### REQUIREMENT
Emit the data below verbatim, stripping out any pictures.

### DATA PROVIDED
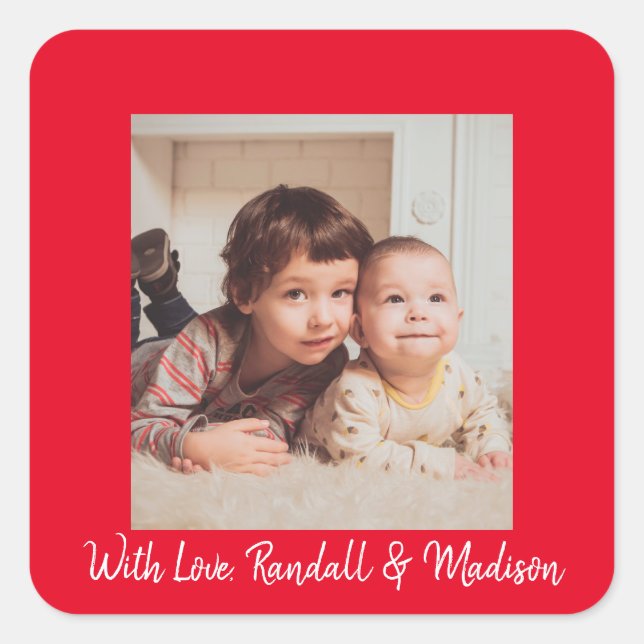 With Love Personalized Photo Square Sticker (Front)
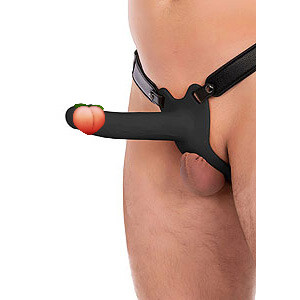 Hidden Desire Hollow Penis Strapon Black (18cm), hollow strap-on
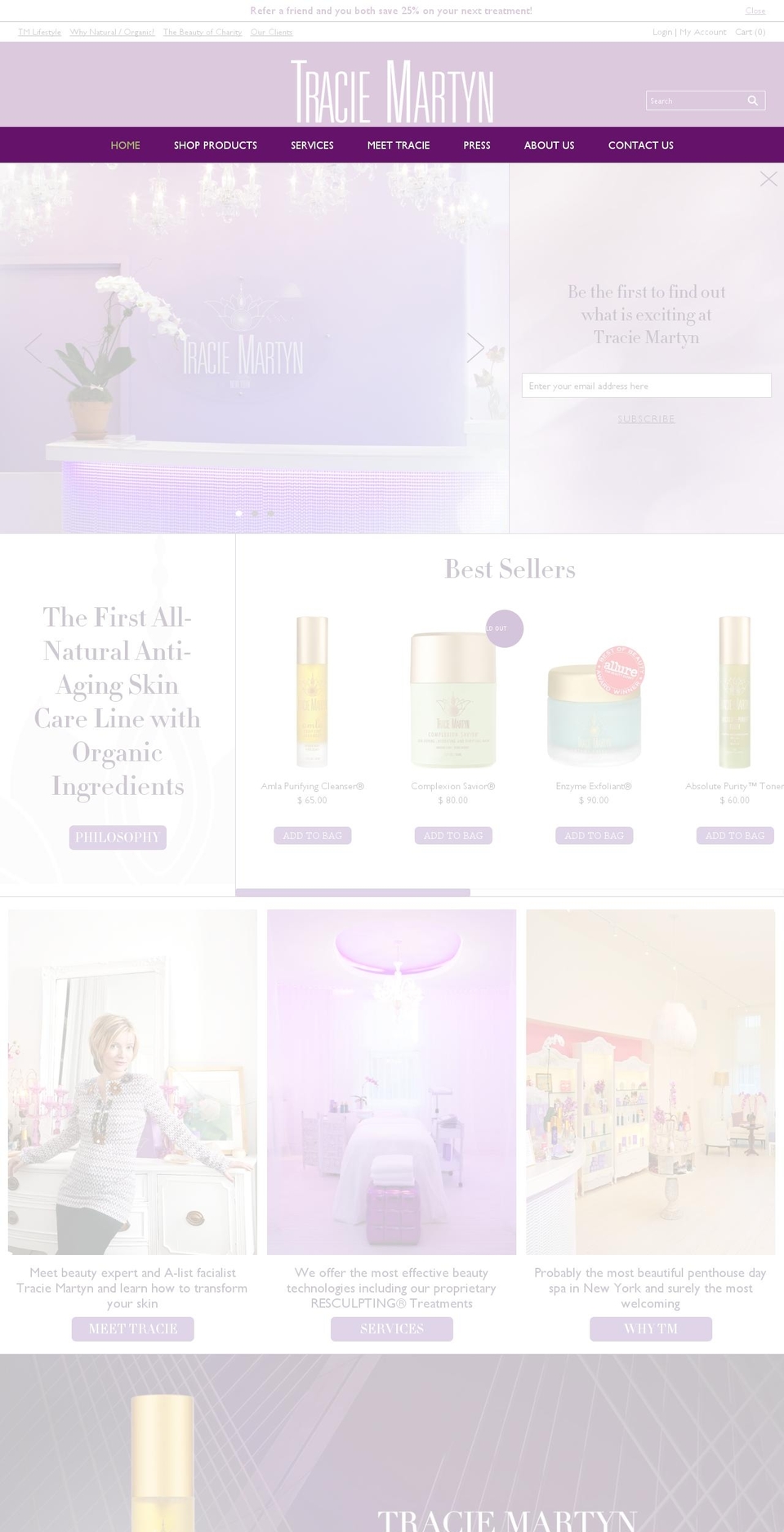 traceysspa.com shopify website screenshot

### THE COMPLETED TASK
 With Love Personalized Photo Square Sticker (Front)
 Hidden Desire Hollow Penis Strapon Black (18cm), hollow strap-on
 traceysspa.com shopify website screenshot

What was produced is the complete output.